# The Jamunapari Goat



## jenparrish24 (Nov 24, 2009)

Does anyone know anything about this goat breed from India? These goats are so awesome and are beautiful. The Jamunapari Goat has a very different looking face structure and their ears are so huge and very very long. This is a breed that I would love to know more about and see if there are any breeders here in the US. This is a breed that i also want to showcase if there are any in the US at the National Goat Expo in 2012. 

I will try to get a pic if I can from a friends profile on facebook if she minds and get it posted on here. They are so cool. 

Let me know if anyone knows about this breed or knows of any breeders. I do know that they are used for dairy and meat, any and all information about them would be great!


----------



## KW Farms (Jun 21, 2008)

Wow...never heard of them...but was curious and googled for pics...such an interesting looking breed! Their ears are amazing!


----------



## freedomstarfarm (Mar 25, 2011)

very interesting! someone had posted photos of one a while back but I don't remember the thread title.


----------



## jenparrish24 (Nov 24, 2009)

Yeah they are very interesting and I would love to know more and have them at the NGE for sure. If any of you hear of any breeders or anything please let me know. I am wanting to look into it a bit more. Thanks to both of you for posting. I will try to get some pics posted on here if I can figure out how to attach them. LOL. haven't done that before.


----------



## freedomstarfarm (Mar 25, 2011)

Here are a few..


----------



## Di (Jan 29, 2008)

I thought I saw a pic of a goat like this, but it was in Saudi Arabia, I think. Anyway, that one had it's ears cut off about half way! 
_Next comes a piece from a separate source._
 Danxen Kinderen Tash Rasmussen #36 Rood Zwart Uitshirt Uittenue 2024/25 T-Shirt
I think the ears are amazing! lol


----------



## Paige (Oct 14, 2010)

Like this one?


----------



## milkmaid (Sep 15, 2010)

WOW! :shocked: Look at those cool ears!


----------



## ohiogoatgirl (Jan 31, 2010)

hey anyone know if there is any way to get some of that bloodline in the united states? that would be awesome to see crosses of those with the common breeds.


----------



## RMADairyGoats (Jun 20, 2011)

Wow! Their ears are HUGE! :shocked: And I thought a Nubain had big ears! :laugh:


----------



## ohiogoatgirl (Jan 31, 2010)

oooohh! i wonder what a cross of those and a nubian would look like? the longer ears or the nubian shorter ears? maybe it would look nubian with longer ears and a more rounded nose? OOOOHH! what about an oberhasli cross with those? that beautiful red color with the round nose and long ears?! oh wouldnt that be ADORABLE!!!


----------



## WarPony (Jan 31, 2010)

I like airplane ears, but i gotta admit, those ears are pretty awesome. I actually quite like the looks of the ones with the less extreme faces. They would look right flash hitched to a cart!
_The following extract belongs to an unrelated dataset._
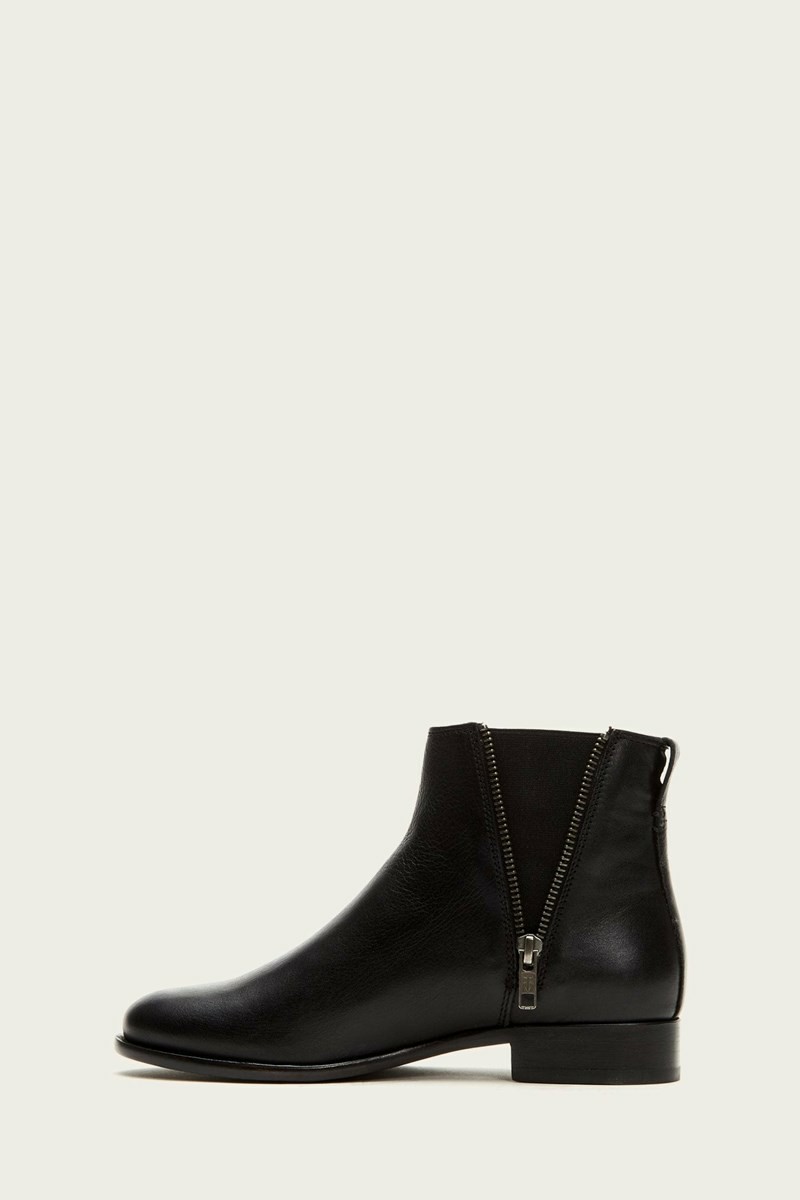 Black Frye Carly Zip Chelsea Women Ankle Boots | PLOK47320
There are links to a number of pictures of them here: http://erode.olx.in/attractive-jamunapa ... -185601551

some of these don't even look real, their ears are so huge! i wonder if they ever step on them? http://jawad-goldenherdsshaperds.blogsp ... le-in.html


----------



## Randi (Apr 22, 2011)

I wonder if they ever step on these :laugh:


----------



## TinyHoovesRanch (Jan 16, 2010)

I LOVE THOSE EARS


----------



## Randi (Apr 22, 2011)

I love those giraffe markings, how pretty!


----------



## lissablack (Nov 30, 2009)

They really look like they are breeding for ears. Cool looking, but the udders look like they aren't very productive and won't hold up. And they are too scrawny for meat too. I expect they use them for dairy, but our dairy goats look a lot more like they will produce milk.

Jan


----------



## dobe627 (Oct 16, 2007)

Is it me or do the goats look really tall? That first pic is the one I mean.


----------



## Randi (Apr 22, 2011)

I think they are very tall. I agree those udders are ridiculous. Maybe they think if they get them to flap they'll fly :laugh:


----------



## Itchysmom (Apr 3, 2010)

I don't know...some of those are kinda ugly, the one with the faces that look like they smashed into a wall....but those ears! I bet if I had one here people would wonder what two animals I crossed to get that!


----------



## packhillboers (Feb 2, 2011)

Oh wow! The ears are so long and the face looks deformed on these animals. I wonder if this has been a result of some purposeful breeding to get exaggerated features like these. There are also quite a few Boers in India too that look just like our American Boers. Goat meat is a big thing in India like beef is here.


----------



## WarPony (Jan 31, 2010)

packhillboers said:


> Oh wow! The ears are so long and the face looks deformed on these animals. I wonder if this has been a result of some purposeful breeding to get exaggerated features like these. There are also quite a few Boers in India too that look just like our American Boers. Goat meat is a big thing in India like beef is here.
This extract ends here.